### GIVEN RECORDS
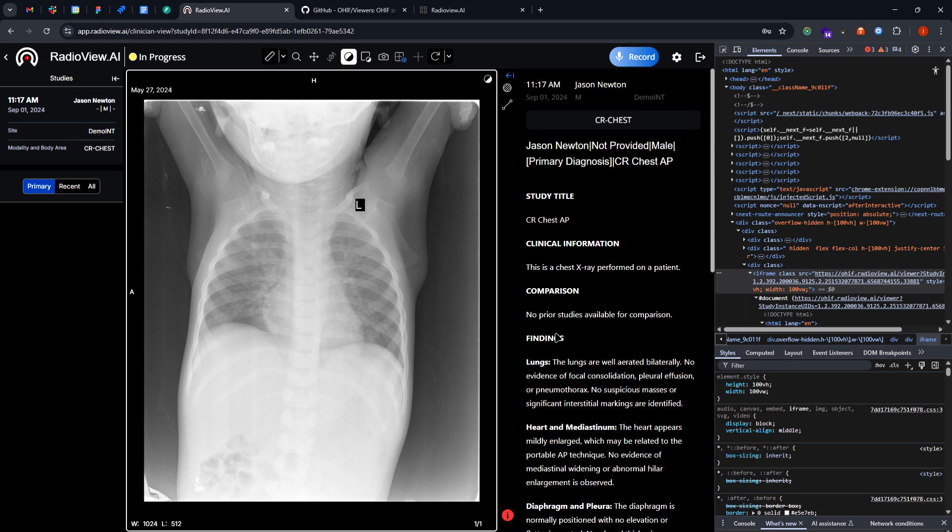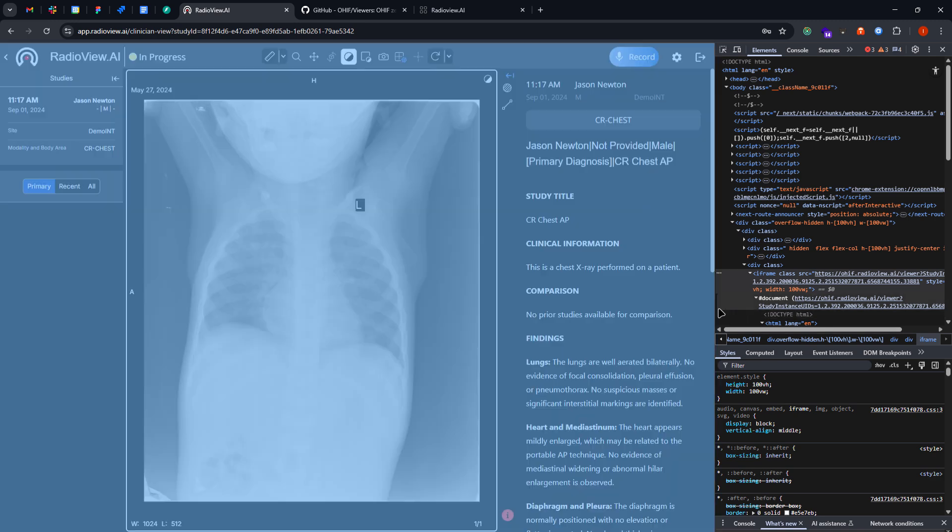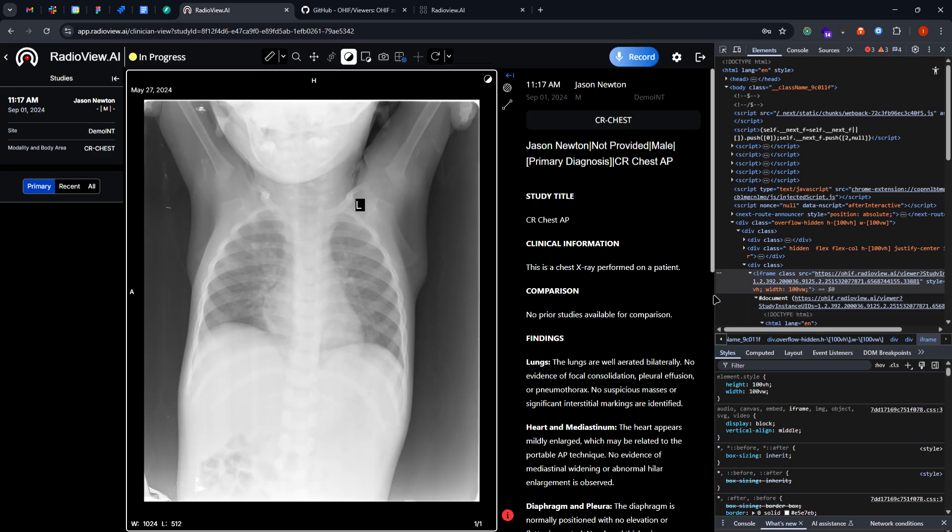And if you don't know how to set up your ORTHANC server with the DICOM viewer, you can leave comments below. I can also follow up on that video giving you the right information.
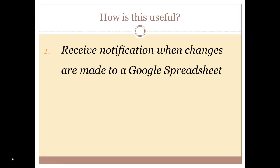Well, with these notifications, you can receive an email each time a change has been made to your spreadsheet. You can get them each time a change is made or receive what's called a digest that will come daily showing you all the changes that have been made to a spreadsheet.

---

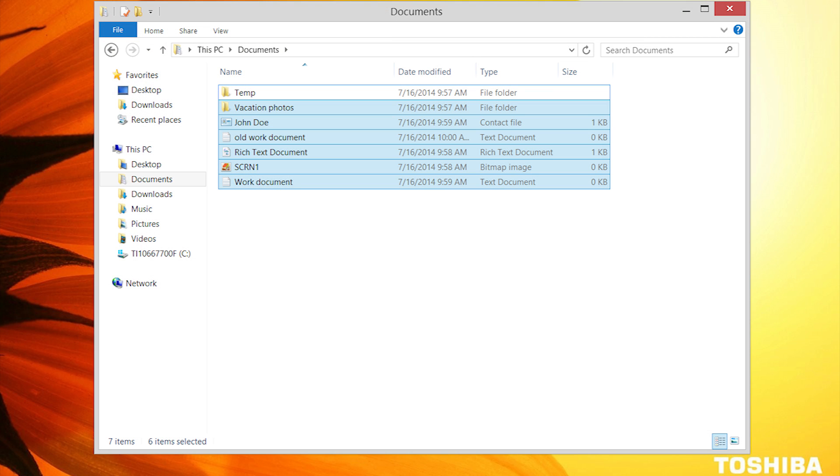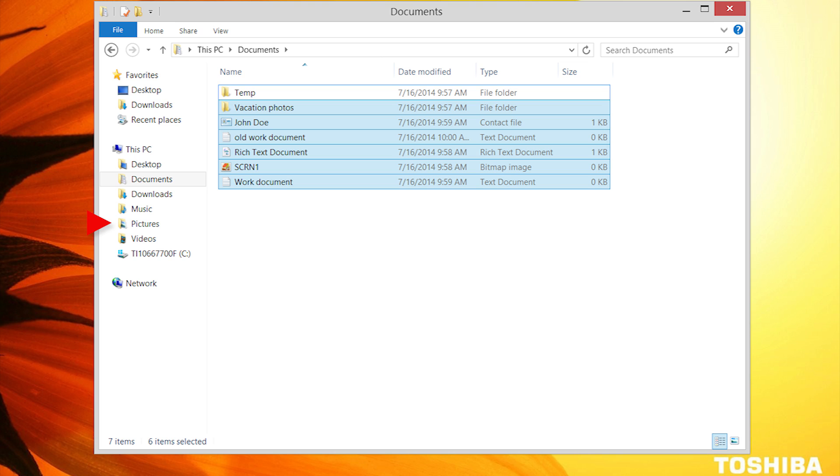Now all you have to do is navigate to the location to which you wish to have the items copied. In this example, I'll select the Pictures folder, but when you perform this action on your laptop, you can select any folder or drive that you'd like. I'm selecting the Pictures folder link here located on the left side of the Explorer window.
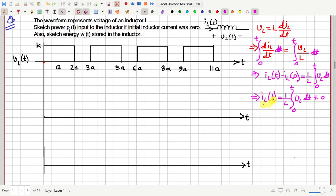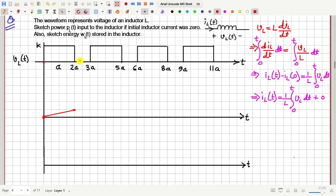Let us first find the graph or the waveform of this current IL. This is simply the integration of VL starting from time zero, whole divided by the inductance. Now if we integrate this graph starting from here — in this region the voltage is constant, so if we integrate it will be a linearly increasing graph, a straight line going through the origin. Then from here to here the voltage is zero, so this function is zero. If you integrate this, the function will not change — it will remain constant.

### THE TASK
Make an exact copy of the lines above, beginning with the line with "And if you don't" and ending with the line with "Well, with these", and keep the pictures out of it.

### WRITTEN RESPONSE
And if you don't know how to set up your ORTHANC server with the DICOM viewer, you can leave comments below. I can also follow up on that video giving you the right information.
Well, with these notifications, you can receive an email each time a change has been made to your spreadsheet. You can get them each time a change is made or receive what's called a digest that will come daily showing you all the changes that have been made to a spreadsheet.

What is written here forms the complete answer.